U.S. Sen John Warner, of Virginia: “I think some of those comments have no place in the dialogue of the Congress of the United States when it is our mission specifically to protect the men and women of the armed forces and their families.” (Another complete non sequitur, if that’s not too redundant, but it should be pointed out that a good way to protect the men and women of the armed forces is not to send them off on a pointless war of choice.)

Vermont Gov. James Douglas: “To undermine or to impugn the motives of the president and all those who voted to do this and call it a political game or calculation I think is totally out of bounds, totally inappropriate.” (No comment needed.)

Massachusetts Gov. Mitt Romney: “I hope that we will not fall into the temptation to establish political policy or take political shots based on what we find out after the fact.” (No, by all means, let’s not say anything based on new information. In fact, why find out anything ever? I think we know enough stuff now, and we can just keep talking about that.)

House Majority Leader Tom DeLay: “A new low ... (comments) as disgusting as they are false ... it's disturbing that Democrats have spewed more hateful rhetoric at President Bush than they ever did at Saddam Hussein.” (No comment needed.)

White House spokesman Scott McClellan: Kennedy's comment “obscures the real policy debate, which is how we make America safer in a post-Sept. 11 world. Sept. 11 taught us we need to confront new threats before they reach our shores.” (Actually, Kennedy’s comments were dead on concerning how to make America safer in a post-Sept. 11, 2001, world, since Bush painted Iraq as a threat, which he wasn’t, and since the war has arguably made America less safe by enraging, and creating, Islamists and terrorists.)

And my favorite, yet another classic non sequitur:

U.S. Sen. Kay Bailey Hutchison, of Texas. “I have great respect for Senator Kennedy, but I think that is a slur on my home state. I want to remind the people of America that Texas is a patriotic state.” (Good thing Kennedy didn’t bring up Waco or the assassination of President Kennedy! Because we all know that if something happens in a state, the entire state’s to blame for it. A fine attempt by Hutchison to smear Kennedy by implying he smeared Texas.)

The comments of Boston Herald columnist Cosmo Macero Jr. were far more measured and reasonable.

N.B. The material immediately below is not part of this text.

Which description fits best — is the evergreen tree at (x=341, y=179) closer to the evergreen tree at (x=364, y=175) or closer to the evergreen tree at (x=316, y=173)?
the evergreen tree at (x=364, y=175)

Although he compared Kennedy’s words with treason (“Kennedy has rolled a live grenade into the tent,” Macero wrote on Sept. 26, alluding to an attack in late March in which a U.S. Army soldier was accused of doing just that to fellow soldiers), Macero used his column to chide Kennedy for making statements that put military funding for his home state at risk.

“The Soldier Systems Center, otherwise known as Natick Labs, was already vulnerable to the latest Department of Defense Base Realignment and Closure process -- for which criteria will be established by February,” Macero wrote. “And the fallout from this folly may not be limited to Natick, either. Hanscom Air Force Base -- which generates $3.2 billion for the regional economy and employs 3,500 -- is the focus of a major public/private drive to steer Pentagon officials away from closing or downsizing the Bedford base.”

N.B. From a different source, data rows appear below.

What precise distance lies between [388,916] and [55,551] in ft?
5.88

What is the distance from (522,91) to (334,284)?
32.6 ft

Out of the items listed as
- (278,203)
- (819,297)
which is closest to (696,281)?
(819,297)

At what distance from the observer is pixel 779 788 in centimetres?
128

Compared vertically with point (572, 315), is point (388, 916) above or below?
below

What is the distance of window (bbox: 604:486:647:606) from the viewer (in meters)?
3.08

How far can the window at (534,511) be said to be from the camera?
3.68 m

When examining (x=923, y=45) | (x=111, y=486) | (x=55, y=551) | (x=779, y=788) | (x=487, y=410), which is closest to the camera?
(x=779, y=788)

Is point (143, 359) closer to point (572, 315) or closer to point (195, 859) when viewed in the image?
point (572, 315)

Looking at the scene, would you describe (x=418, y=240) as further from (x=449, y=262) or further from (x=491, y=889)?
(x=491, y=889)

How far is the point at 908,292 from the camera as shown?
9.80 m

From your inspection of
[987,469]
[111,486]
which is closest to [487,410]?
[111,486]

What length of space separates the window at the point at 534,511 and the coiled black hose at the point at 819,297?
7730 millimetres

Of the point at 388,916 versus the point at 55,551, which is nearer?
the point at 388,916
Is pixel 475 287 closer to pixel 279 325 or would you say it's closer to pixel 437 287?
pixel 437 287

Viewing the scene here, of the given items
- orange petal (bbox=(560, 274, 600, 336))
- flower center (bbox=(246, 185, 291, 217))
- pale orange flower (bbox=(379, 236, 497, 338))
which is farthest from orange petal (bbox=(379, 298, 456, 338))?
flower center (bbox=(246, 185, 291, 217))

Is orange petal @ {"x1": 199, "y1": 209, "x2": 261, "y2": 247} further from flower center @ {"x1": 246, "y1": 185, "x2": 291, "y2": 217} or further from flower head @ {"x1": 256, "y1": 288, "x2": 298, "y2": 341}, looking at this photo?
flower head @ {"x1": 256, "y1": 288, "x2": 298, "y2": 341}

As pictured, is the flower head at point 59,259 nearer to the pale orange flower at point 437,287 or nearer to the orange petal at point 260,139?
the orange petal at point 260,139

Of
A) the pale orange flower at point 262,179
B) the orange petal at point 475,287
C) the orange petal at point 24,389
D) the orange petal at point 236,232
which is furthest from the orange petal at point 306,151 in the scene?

Macero also quotes state officials in despair over Kennedy’s comments (“He is deliberately provoking the Pentagon and Bush administration at a time when we should be courting them to help save the state's economy,” one says of Kennedy).

But Kennedy’s been around too long to have spoken recklessly. My guess: He knows what he’s doing, possibly saying for the military what the military can’t say itself, possibly just because he has so much power in the Senate or political capital in general that he knows he can save military spending in Massachusetts no matter what the fallout -- but he’s not going to clue in Republican state officials whose boss twits him about taking “political shots based on what we find out after the fact.”

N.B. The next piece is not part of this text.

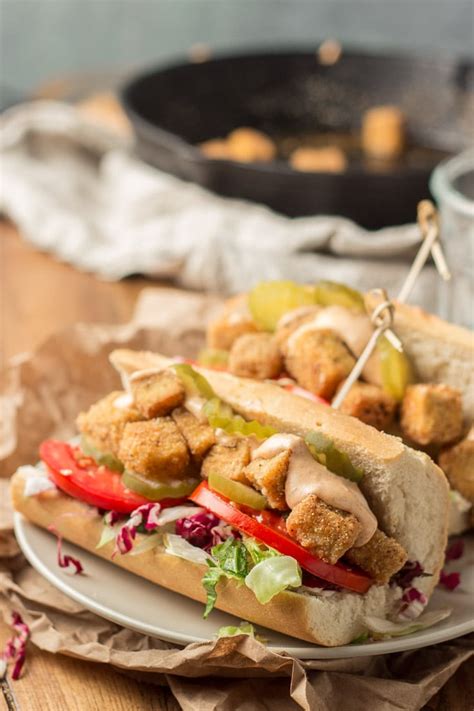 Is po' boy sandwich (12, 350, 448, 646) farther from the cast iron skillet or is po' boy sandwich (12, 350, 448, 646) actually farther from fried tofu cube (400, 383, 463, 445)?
the cast iron skillet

The military doesn’t like Defense Secretary Donald Rumsfeld. Perhaps the brass are finding Bush’s hubris, for which U.S. soldiers are paying the price, just as tiresome and unwelcome.

Also, although base-closing criteria will be set in February, final recommendations don’t come until May 2005, and by then there’s likely to be a new administration in place. The president may even be a certain general who seems as unhappy with Bush, and the Iraq war, as Kennedy.